=== BRIEF ===
Only one portion of the data is to be written out: from the line bearing "Picture of Home" through the line bearing "敷地内駐車場（屋外平面式）". Write it exactly as it appears.

=== Short descriptive text snippets ===
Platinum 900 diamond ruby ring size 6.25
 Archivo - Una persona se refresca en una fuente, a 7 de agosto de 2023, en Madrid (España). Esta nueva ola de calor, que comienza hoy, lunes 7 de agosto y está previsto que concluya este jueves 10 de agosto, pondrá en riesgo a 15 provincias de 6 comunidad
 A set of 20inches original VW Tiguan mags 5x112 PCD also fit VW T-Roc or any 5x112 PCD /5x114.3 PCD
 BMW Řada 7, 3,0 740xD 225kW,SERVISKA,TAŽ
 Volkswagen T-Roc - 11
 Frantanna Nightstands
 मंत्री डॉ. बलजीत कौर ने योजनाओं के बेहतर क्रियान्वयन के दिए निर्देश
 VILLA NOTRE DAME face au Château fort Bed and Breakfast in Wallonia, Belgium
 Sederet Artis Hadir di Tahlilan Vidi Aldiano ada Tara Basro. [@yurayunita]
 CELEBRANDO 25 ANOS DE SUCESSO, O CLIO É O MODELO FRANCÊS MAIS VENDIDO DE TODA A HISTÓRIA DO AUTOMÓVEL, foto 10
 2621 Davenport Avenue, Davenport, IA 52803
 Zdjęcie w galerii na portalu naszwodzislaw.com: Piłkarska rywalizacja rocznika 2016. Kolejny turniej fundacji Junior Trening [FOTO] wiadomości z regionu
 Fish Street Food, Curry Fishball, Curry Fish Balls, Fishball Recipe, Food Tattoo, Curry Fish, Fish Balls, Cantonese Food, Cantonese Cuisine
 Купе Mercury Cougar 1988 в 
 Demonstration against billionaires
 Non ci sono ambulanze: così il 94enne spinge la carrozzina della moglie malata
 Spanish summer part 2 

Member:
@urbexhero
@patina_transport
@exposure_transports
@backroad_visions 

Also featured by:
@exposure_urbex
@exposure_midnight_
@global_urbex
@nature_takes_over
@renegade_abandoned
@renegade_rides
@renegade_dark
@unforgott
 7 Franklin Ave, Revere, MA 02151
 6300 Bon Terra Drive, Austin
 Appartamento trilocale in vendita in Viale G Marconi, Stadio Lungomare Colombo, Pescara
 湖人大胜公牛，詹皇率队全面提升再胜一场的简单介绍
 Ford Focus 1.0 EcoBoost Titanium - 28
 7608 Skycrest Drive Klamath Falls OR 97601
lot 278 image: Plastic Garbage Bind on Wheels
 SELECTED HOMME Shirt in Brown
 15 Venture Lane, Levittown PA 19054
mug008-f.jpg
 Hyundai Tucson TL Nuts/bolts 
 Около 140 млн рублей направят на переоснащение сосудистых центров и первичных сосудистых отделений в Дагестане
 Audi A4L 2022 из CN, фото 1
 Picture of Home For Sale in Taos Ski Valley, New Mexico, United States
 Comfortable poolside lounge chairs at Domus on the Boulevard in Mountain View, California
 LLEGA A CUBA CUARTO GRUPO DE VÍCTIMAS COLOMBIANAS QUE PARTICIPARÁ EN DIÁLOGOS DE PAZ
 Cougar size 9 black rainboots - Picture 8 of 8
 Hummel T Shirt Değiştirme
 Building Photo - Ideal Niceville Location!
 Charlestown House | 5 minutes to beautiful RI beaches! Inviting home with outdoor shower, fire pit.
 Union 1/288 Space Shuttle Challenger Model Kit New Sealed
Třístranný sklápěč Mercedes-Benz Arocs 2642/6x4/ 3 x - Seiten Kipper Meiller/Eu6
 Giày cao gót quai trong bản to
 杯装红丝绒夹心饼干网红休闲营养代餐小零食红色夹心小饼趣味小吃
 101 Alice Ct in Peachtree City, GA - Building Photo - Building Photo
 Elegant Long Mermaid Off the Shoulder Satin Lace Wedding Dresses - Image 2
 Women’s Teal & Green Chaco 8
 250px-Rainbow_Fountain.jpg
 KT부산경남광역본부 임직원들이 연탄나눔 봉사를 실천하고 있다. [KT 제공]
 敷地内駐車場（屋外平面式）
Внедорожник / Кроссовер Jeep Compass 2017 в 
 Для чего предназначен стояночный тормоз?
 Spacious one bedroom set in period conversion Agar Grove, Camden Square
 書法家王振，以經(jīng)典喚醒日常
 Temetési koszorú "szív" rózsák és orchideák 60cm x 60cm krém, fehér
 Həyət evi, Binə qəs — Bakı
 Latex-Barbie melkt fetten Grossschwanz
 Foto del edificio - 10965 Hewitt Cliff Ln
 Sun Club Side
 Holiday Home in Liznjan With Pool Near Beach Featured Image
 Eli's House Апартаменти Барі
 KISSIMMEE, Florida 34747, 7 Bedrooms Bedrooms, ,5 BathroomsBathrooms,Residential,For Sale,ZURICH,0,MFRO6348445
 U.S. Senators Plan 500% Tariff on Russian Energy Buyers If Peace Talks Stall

=== ANSWER ===
 Picture of Home For Sale in Taos Ski Valley, New Mexico, United States
 Comfortable poolside lounge chairs at Domus on the Boulevard in Mountain View, California
 LLEGA A CUBA CUARTO GRUPO DE VÍCTIMAS COLOMBIANAS QUE PARTICIPARÁ EN DIÁLOGOS DE PAZ
 Cougar size 9 black rainboots - Picture 8 of 8
 Hummel T Shirt Değiştirme
 Building Photo - Ideal Niceville Location!
 Charlestown House | 5 minutes to beautiful RI beaches! Inviting home with outdoor shower, fire pit.
 Union 1/288 Space Shuttle Challenger Model Kit New Sealed
Třístranný sklápěč Mercedes-Benz Arocs 2642/6x4/ 3 x - Seiten Kipper Meiller/Eu6
 Giày cao gót quai trong bản to
 杯装红丝绒夹心饼干网红休闲营养代餐小零食红色夹心小饼趣味小吃
 101 Alice Ct in Peachtree City, GA - Building Photo - Building Photo
 Elegant Long Mermaid Off the Shoulder Satin Lace Wedding Dresses - Image 2
 Women’s Teal & Green Chaco 8
 250px-Rainbow_Fountain.jpg
 KT부산경남광역본부 임직원들이 연탄나눔 봉사를 실천하고 있다. [KT 제공]
 敷地内駐車場（屋外平面式）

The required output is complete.